The living lab tools we have constructed are now being used by many researchers. What they find when they begin using such rich, continuous data is that the scientific method as normally practiced no longer functions well, because there are so many potential connections that our standard statistical tools generate nonsense result. Almost everything is significant with p ≈ 0, and so any analysis must instead rely on how much variance is accounted for as a function of contextual variables (which everyone should have been doing all along, but that is another argument).

More seriously, when an experiment measures a large number of contextual variables it is typical to discover that many variables have significant predictive power, and so it is critical to ask which variable or combination of variables is causal. As a consequence it becomes difficult to form a limited, testable number of clear hypotheses for A-B testing. Instead, with such rich data it is important to use new, more sophisticated mathematical tools to test the causality of connections in the real world.

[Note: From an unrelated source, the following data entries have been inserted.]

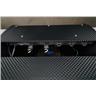 Ampeg R-12R Reverberocket Reissue 50w 1x12 Combo Guitar Amp #58999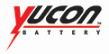 vucan
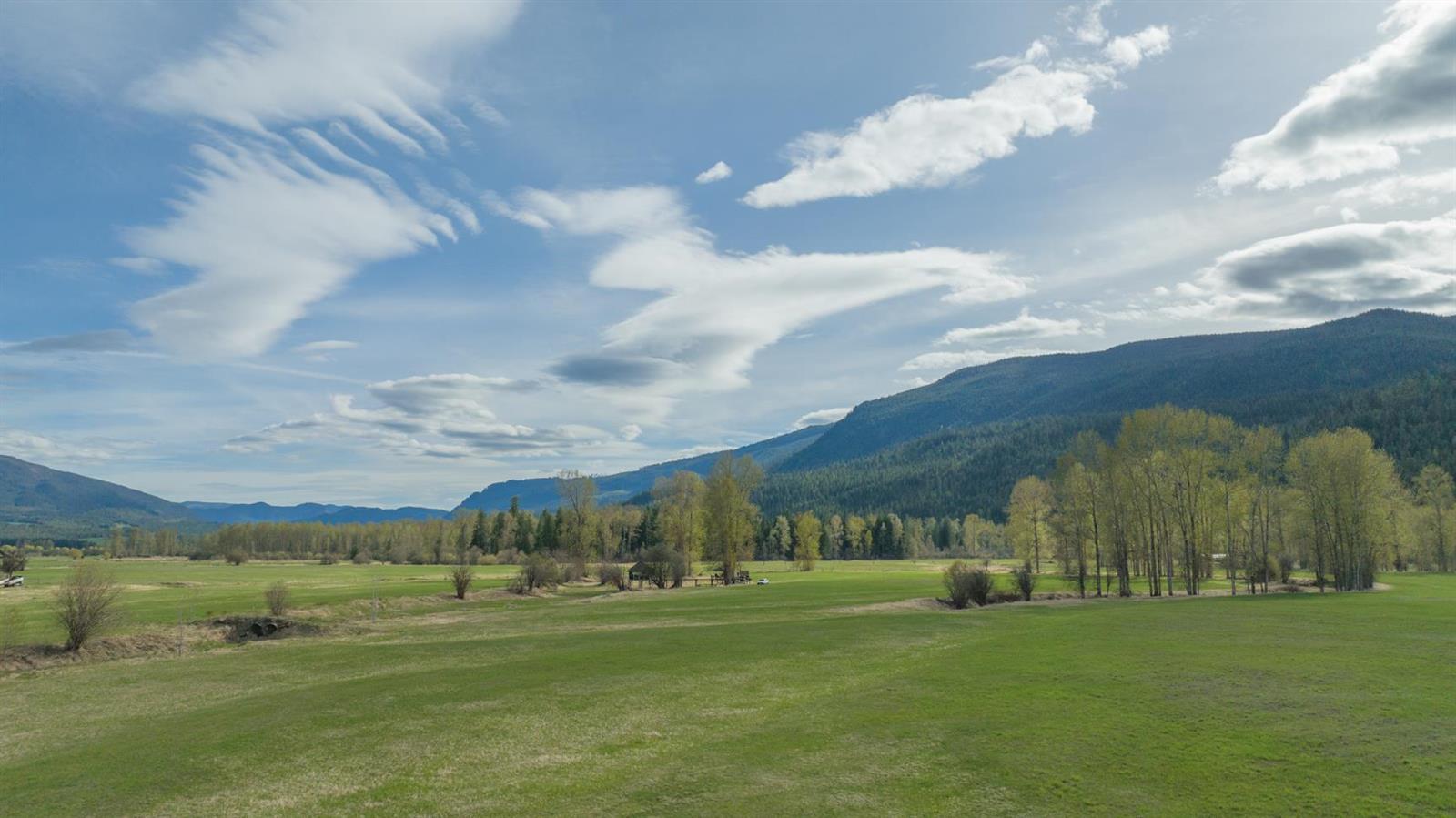 Listing 10252069 - Large Photo # 36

Researchers can no longer rely on simplified laboratory environments; instead they need to actually do the experiments in the real world, and usually on massive, high-dimensional streams of data such as produced by living laboratories, since these sorts of rich data are required to quantitatively characterize the complex interactions typical of human behavior.

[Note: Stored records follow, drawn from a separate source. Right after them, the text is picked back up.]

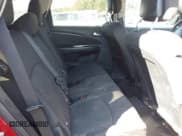 ✅ 2017 Dodge Journey SXT • VIN: 3C4PDCBG0HT526531 • Лот: 43588091. Опубликован ранее на IAAI с пробегом 224 059 миль. Бесплатный доступ к архиву аукционных продаж из США и подробный отчёт об истории автомобиля на DreamBid. Изображение 8.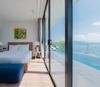 VILLA PD LUXURY NHA TRANG (R20)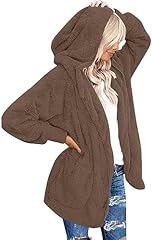 Chicgal womens winter for sale  Delivered anywhere in USA 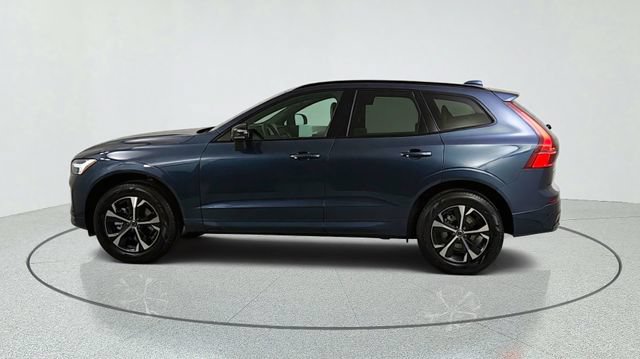 New 2027 Volvo XC60 B5 Core AWD/4WD image 4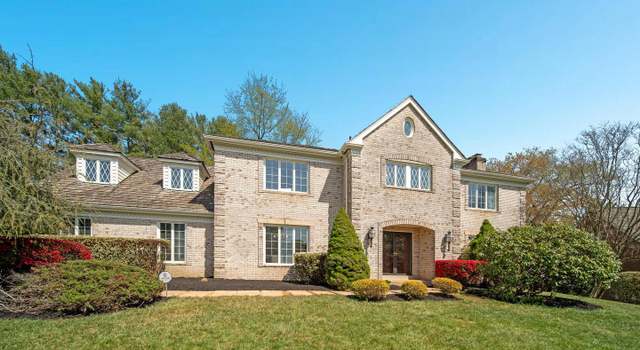 Photo of 6294 Dunaway Ct, Mclean, VA 22101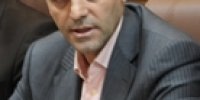مهندس علیرضا واحدپور به سمت مدیر امور شعب و بازاریابی پست بانک ایران منصوب شد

An example of such a living lab is the ‘open data city’ I helped launch last year with the city of Trento in Italy, along with Telecom Italia, Telefónica, the research university Fondazione Bruno Kessler, the Institute for Data Driven Design, and local companies. This living lab, like earlier ones my research group conducted on the MIT campus, has the approval and informed consent of all of its participants—they know that they are part of a large experiment whose goal is to better understand human behavior and to use that knowledge to invent a better way of living. More detail on these living labs can be found at http://realitycommons.media.mit.edu and http://www.mobileterritoriallab.eu/.

PRIVACY AND DATA OWNERSHIP

To build living labs that produce these sort of dense, continuous measurements, new legal and software tools had to be developed in order to protect the rights and privacy of the people in these labs, to insure that they are fully informed about what is happening to their data, and that that they maintain the right to opt out at any time. These `big data’ solutions, originally developed for human subjects research, have played an important role as examples in government policy debates over personal privacy, and have helped to shape both the US Consumer Privacy Bill of Rights and the EU Data Protection acts.

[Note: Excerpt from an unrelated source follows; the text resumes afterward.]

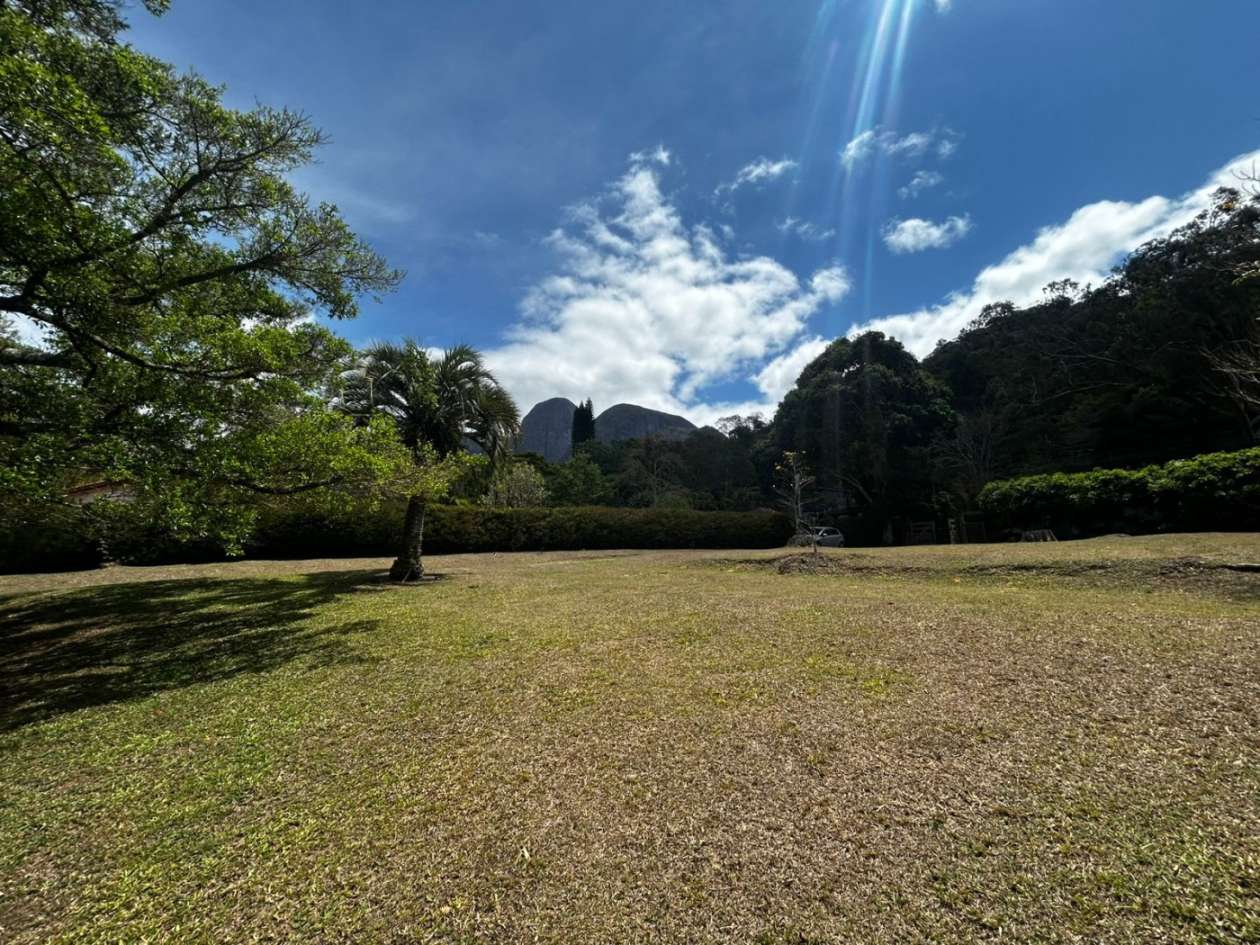 Casa à venda em Araras, Petrópolis - RJ - Foto 49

The approach taken is to give participants direct legal control over sharing personal data not only with researchers but also among themselves and with commercial and civic entities. The participants `own’ the data being collected, in the sense that they have legal rights of ownership, and can control where it goes. This has an interesting consequence for social and medical science: since dense data is being continuously collected into the users’ personal data stores, conducting a new experiment simply requires obtaining informed consent from the participants. The time and cost of recruiting new subjects and making new measurements is zero since the participants and their data already exist, and as a consequence both the cost and time required to conduct a new experiment is cut dramatically.

When Dutch lens makers created the first practical lenses, and thus enabled allowed researchers to build the first microscopes and telescopes, they opened up broad new scientific vistas. Today, the new technology of living labs — observing human behavior by collecting a community’s digital breadcrumbs — is beginning to give researchers a more complete view of life in all its complexity—and is, I believe, the future of social science.